La dispersión del voto en muchos partidos no ha permitido definir más pronto ni mejor el futuro de España. Más bien todo lo contrario. Ahora ese futuro es más oscuro e incierto que antes. No pretendo defender la situación que existía, que era mala, sino que me limito a constatar el hecho de que ahora no estamos mejor. En realidad no se conoce el caso de ningún país al que le haya ido bien la fragmentación parlamentaria. Que haya muchos grupos en el Congreso solo lo aguantan democracias como la de Israel, que resiste eso y mucho más. Pero por lo general las sociedades abiertas tienden a funcionar mejor cuando las preferencias de los ciudadanos se concentran en dos o pocos más partidos. Los casos del Reino Unido, Estados Unidos, Australia, Canadá o, con matices, Alemania son suficientemente ilustrativos.
Peor aún es la fragmentación política cuando uno de los partidos es de corte revolucionario, como lo son Podemos o los independentistas. Mientras los demás partidos se enredan en ver cómo se gobierna lo que hay, los revolucionarios tienen claro lo que quieren: mandar para suprimir lo que hay. Se produce entonces ese desbalance que se refleja en la sonrisa prepotente que últimamente exhibe Pablo Iglesias.
El bipartidismo no es en sí mismo ni bueno ni malo. Es el reflejo de algo positivo cuando se produce porque los principales partidos ejercen un liderazgo respetado y generador de entusiasmo entre los votantes. Y eso justamente es lo que falla. Ni Rajoy ni Sánchez atraen. No lideran, sino que maniobran. No tienen los valores y la visión para aglutinar, sino la astucia para aguantar.

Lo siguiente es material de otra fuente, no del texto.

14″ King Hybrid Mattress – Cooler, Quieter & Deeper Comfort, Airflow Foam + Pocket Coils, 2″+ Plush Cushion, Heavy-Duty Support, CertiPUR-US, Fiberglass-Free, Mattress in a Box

No es liderazgo estar en el poder para seguir en el poder. Ni tampoco es liderazgo aspirar al poder para obtener el poder. El poder es un instrumento, no un fin en sí mismo. Y debe ser un instrumento subordinado al poder auténtico, el que cada persona tiene sobre sí mismo, sobre sus decisiones libres y sobre su propiedad.
Liderazgo en el PSOE, en estas circunstancias, sería darse cuenta de que la izquierda se puede entender con la derecha cuando la alternativa a ello es entenderse con los revolucionarios chavistas y con los independentistas que rompen la nación de ciudadanos libres e iguales.
Liderazgo en el PP, a estas alturas, sería dar por concluido el mandato de Mariano Rajoy y abrir paso, cuanto antes, a un congreso abierto que empiece una época nueva, recuperando los valores liberales que dieron a la España contemporánea sus mejores años.
Me temo que nada de eso vaya a ocurrir. Porque el problema de España no era que faltasen partidos, sino que faltan líderes.